Waitangi Treaty Grounds chairperson Pita Tipene warns that government changes will mean the demise of Māori wards. Photo / Michael Cunningham
A prominent Māori leader is warning that new government changes will mean the demise of Māori wards in Northland and across the country.
Ngāti Hine leader Pita Tipene from Northland has slammed the signalled changes, wiping out 2021 legislation vetoing communities’ ability to request a referendum or poll on their council’s introduction of a Māori ward.
“They’re a giant ngaru nui (tsunami) inundating the landscape and destroying everything in their path,” Tipene said.
“We all know that communities that have a poll will turn down having a Māori ward,” he said.
They would melt back into their communities, continuing to act as the leaders they were, but their voice would be lost at the council table, Tipene said.
Northland was the first region in New Zealand to have Māori wards on all its councils.
The region has nine Māori ward councillors across four Māori wards, all introduced for the first time in 2022: Far North District Council’s Ngā Tai o Tokerau Māori ward (Hilda Halkyard-Harawira, Babe Kapa, Penetaui Kleskovic and Tāmati Rākena); Kaipara District Council’s Te Moananui o Kaipara Māori ward (Pera Paniora), Whangārei District Council’s Whangārei District Māori ward (Deborah Harding and Phoenix Ruka) and Northland Regional Council’s Te Raki Māori Constituency (Peter-Lucas Jones and Tui Shortland).
Tipene, who also co-chairs the regional council’s Te Tai Tokerau Māori and Council Working Party, said Māori wards were the culmination of years of mahi from the likes of former Far North deputy mayor and MP Dover Samuels who had built the foundations for today.
There had been huge strides made towards the inclusion of Māori in Northland’s local government in recent decades. Māori people who understood things with a Māori world view had become more involved in contributing to council regulations and decision-making, Tipene said.
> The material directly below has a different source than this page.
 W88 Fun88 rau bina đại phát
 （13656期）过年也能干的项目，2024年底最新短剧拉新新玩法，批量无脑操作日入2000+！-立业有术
The regional council had led the way in the North for 15 years with memorandums of understanding with local hapū and the use of the more robust Mana Whakahone ā Rohe statutory arrangements for such links.
Tipene said the signalled Māori ward changes were part of an omnibus of government changes that were overwhelming communities.
He said Māori people needed to double their efforts to make sure council Māori wards were kept, or reintroduced in the future.
The changes rolled back rights enshrined in Te Tiriti o Waitangi, he said. The treaty was an honourable agreement that was now being dishonoured.
Tipene said New Zealand had been on its way to becoming an inclusive society but that had now changed.
Meanwhile, Samuels said he had been very much in favour of Māori wards.
But now, 18 months down the track from their introduction for most, in Northland and New Zealand, he was not convinced they had proven their worth.
“I would have thought that by this stage in the electoral cycle I would be saying ‘Hallelujah, yes Māori wards were the right decision for Māori and for all the community’. But I can’t commit myself to that,” Samuels said.
He would now not vote in favour of a Māori ward for his local Far North District Council if a community referendum was held.
Samuels said the main reason for this was that he would have expected the district’s Māori ward councillors to have a more active role in making sure the council’s 2024/2025 rates rise was not as high as the proposed 16.5 per cent increase.
His referendum vote would change in favour of the ward if the rates increase was reduced.
“Our Far North Māori ward representatives of all people should be aware of the affordability challenges for our people at this time, even to put food on the table.
“We need a rates increase of no more than 5 per cent.“
Twenty-six per cent of Northland’s overall population identifies as Māori, compared with 17.3 per cent nationally.